- IATA: none; ICAO: none;

Summary
- Airport type: Public
- Owner: City of New York Mills
- Serves: New York Mills, Minnesota
- Elevation AMSL: 1,401 ft / 427 m
- Coordinates: 46°30′08″N 095°20′15″W﻿ / ﻿46.50222°N 95.33750°W
- Interactive map of New York Mills Municipal Airport

Runways
| Direction | Length |  | Surface |
| ft | m |
| 12/30 | 2,500 | 762 | Turf |

Statistics (2006)
- Aircraft operations: 500
- Source: Federal Aviation Administration

= New York Mills Municipal Airport =

New York Mills Municipal Airport is a city-owned, public-use airport located two nautical miles (2.3 mi, 3.7 km) southeast of the central business district of New York Mills, a city in Otter Tail County, Minnesota, United States.

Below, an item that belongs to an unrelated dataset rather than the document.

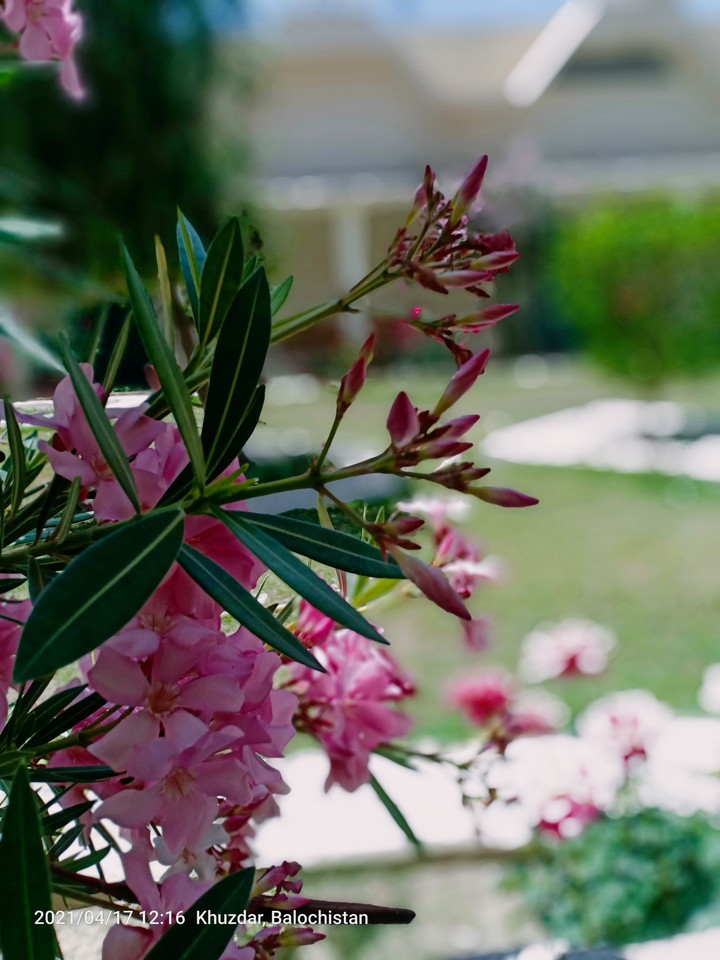 flower
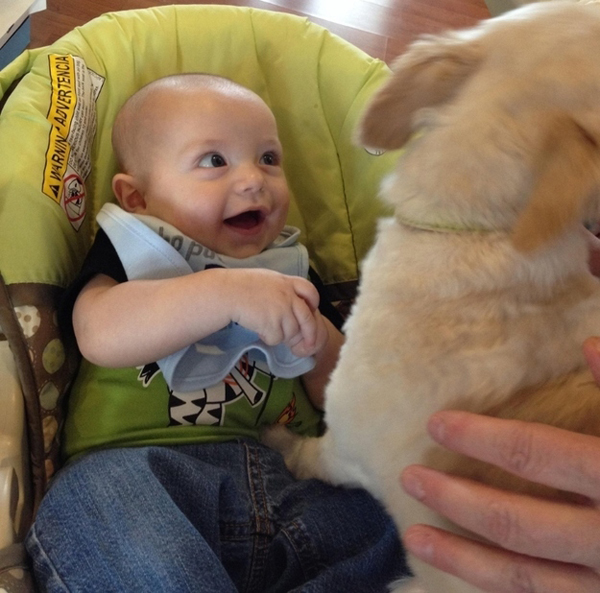 25 Babies And Dogs That Will Make Your Day 010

== Facilities and aircraft ==
New York Mills Municipal Airport covers an area of 62 acre at an elevation of 1,401 feet (427 m) above mean sea level. It has one runway designated 12/30 with a turf surface measuring 2,500 by 196 feet (762 x 60 m). For the 12-month period ending July 31, 2006, the airport had 500 general aviation aircraft operations, an average of 41 per month.

This airport no longer appears on satellite photos of the area. Its FAA record no longer exists. One report indicates that the airport closed in 2011.